L’accelerazione del primo ministro Ponta nel lanciare l’impeachment sembra sia stata motivata anche da un’accusa di plagio della sua tesi di dottorato (conseguita, peraltro, presso l’Università di Catania), che potrebbe rivelarsi politicamente molto corrosiva, soprattutto in vista delle elezioni politiche di novembre.

Basescu, invece, eletto a suffragio universale per la prima volta nel 2004, già sopravvissuto a un primo referendum per impeachment nel 2007 (quando non vigeva ancora il quorum) e rieletto nel 2009, controlla un partito (PDL) uscito molto indebolito dalle elezioni amministrative.

La sua popolarità ha, infatti, subito un brusco calo nel 2010 a causa delle misure di austerity più severe di tutta l’Unione (per cercare di ottenere i sussidi internazionali): taglio del 25% agli stipendi del settore pubblico, allungamento dell’età pensionabile, aumento dell’IVA di 5 punti, dal 19 al 24%. Scelta che si è tradotta in una riduzione dello 0,5% del PIL che, nel 2010, si è attestato a -1,3%. A complicare le cose c’è la corruzione che, come ha rilevato un rapporto reso noto poche settimane fa dalla Commissione europea, rappresenta una pesantissima ipoteca sullo sviluppo.
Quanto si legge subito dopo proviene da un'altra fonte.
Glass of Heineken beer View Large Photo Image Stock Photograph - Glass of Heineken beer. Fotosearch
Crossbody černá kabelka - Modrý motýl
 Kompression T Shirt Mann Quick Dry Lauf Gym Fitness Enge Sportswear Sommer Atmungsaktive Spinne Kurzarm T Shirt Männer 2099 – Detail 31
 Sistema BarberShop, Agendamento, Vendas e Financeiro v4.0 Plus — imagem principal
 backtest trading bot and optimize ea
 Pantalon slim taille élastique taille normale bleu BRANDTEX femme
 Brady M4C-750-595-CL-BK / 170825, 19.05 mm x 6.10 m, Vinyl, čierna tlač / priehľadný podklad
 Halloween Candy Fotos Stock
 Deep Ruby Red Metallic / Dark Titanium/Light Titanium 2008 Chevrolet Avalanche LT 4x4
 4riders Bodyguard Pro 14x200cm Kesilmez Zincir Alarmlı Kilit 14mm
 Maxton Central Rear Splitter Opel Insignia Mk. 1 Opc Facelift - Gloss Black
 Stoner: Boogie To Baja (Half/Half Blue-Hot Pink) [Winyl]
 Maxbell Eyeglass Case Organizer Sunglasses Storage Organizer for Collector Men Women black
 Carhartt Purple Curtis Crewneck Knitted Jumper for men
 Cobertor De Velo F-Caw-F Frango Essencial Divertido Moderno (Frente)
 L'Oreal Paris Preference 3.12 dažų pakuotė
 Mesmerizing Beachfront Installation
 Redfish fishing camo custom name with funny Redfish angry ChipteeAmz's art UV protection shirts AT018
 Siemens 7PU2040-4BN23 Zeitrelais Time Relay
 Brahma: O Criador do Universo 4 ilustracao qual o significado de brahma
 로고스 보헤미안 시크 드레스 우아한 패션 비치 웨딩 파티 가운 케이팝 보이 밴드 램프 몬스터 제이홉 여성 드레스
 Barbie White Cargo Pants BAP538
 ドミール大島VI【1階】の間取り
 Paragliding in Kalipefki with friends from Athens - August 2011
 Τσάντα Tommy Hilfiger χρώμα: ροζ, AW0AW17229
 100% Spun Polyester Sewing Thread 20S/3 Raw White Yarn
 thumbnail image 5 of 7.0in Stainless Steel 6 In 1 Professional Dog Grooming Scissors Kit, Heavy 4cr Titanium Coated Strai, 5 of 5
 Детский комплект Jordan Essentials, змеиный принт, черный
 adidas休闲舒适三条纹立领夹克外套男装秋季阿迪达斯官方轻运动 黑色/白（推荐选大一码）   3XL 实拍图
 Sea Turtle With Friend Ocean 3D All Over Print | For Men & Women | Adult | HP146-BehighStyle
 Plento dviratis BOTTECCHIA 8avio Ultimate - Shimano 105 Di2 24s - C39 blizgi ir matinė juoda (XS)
L’ufficio nazionale di statistica ha inoltre recentemente confermato che il paese è entrato in recessione. Per il secondo trimestre consecutivo, infatti, l’economia ha ceduto lo 0,1%, dopo il -0,2% dell’ultimo trimestre del 2011.

Appuntamento a novembre

L’attuale stallo politico non sarà dunque sostenibile a lungo. Mentre alcuni falchi della maggioranza non escludono il ricorso a un nuovo referendum contro il presidente a settembre, quando le condizioni climatiche potrebbero rendere più agevole l’affluenza alle urne, la macchina elettorale per le politiche di novembre è già avviata. Il giovane Ponta potrebbe in quell’occasione fare le spese del fallito impeachment di mezza estate e delle accuse di plagio del suo dottorato. Oppure, al contrario, potrebbe ottenere una consacrazione popolare della sua leadership politica grazie al consolidamento della sua maggioranza. Molto dipenderà da come riuscirà a gestire il muro contro muro che rischia di paralizzarlo. Molto dipenderà infine dai rapporti con l’Unione europea, i cui orientamenti hanno ancora grande influenza sull’opinione pubblica romena e che certamente non abbasserà la guardia sul rispetto delle garanzie democratiche. Con tutte le parti politiche.